2Corinthians 6:14-16
Blessed is the man
who does not walk in the counsel of the wicked
or stand in the way of sinners
or sit in the seat of mockers.

Psalm 1:1
He who walks with the wise grows wise, 
 but a companion of fools suffers harm.

Proverbs 13:20
Do we just not bother with these people? Or do we go with them to pub crawls and nightclubs and trust that we won’t be drawn in to sin?
I’m going to say something that some people won’t like.
In the Bible, there was no such thing as ‘friendship evangelism’ as it is defined today.
The early Christians used what I will call proclamation evangelism. And that is what we are commanded to use!
The Lord's message rang out from you not only in Macedonia and Achaia—your faith in God has become known everywhere.

1Thessalonians 1:8
How effective is proclamation evangelism compared with friendship evangelism?
I have no scientific studies, but I would like to quote from a UK evangelist called Korky Davey, who is a big believer in ‘proclamation’ in the streets, in parks and in schools. I recommend his free e-book 'Biblical Patterns of Evangelism'...
Experience in Spain and Portugal shows that it takes about 15-20 years to establish a fellowship of about 25 people when personal evangelism is the only method employed. Bill Wooten, a missionary in Portugal, told me that his reliance on personal evangelism had meant that building a relationship with a Portuguese family to the point where he could share the Gospel with them took about a year. Most of those he got to know ultimately proved not to be interested in the Gospel. The Operation Mobilisation strategy for Italy was for each of their families to evangelise one Italian family each year. On that basis it would take thousands of years to reach the population - yet for some extraordinary reason many of those involved in missions regard friendship evangelism as the only responsible and effective way to do the job. Many of them seem to be hung up on the idea that one needs to earn the right to speak.
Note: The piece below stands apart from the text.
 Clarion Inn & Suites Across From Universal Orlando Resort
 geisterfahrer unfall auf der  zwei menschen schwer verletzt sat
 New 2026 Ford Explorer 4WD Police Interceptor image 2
Fortunately the Apostles did not suffer from these sort of hang-ups and regarded the preaching of the Gospel as their prime function in every town.
He says the following about ‘proclamation’ evangelism...
Around about 800 people passed through our training programme over the last thirty years with the result that we have experience first hand in about 17 countries. In Albania, a very unlikely couple have over the last 15 years established 36 new fellowships across the south of the country with 9,000 converts - mainly through mobilising and training local evangelists. The potential is enormous, pretty well everywhere. Various other teams have successfully got similar ministry patterns going on the streets in Europe.
Vienna, Austria - Better than an Alpha Supper!




Aluche, Spain - Better than a Guest Service!


Conclusion. Don’t spend countless hours ‘befriending’ before you say anything. Learn how to proclaim the gospel early. Real friends are 'upfront' with people!!! Be 'upfront' with the Gospel. Like Jesus, the apostles and the most effective Christians throughout the ages.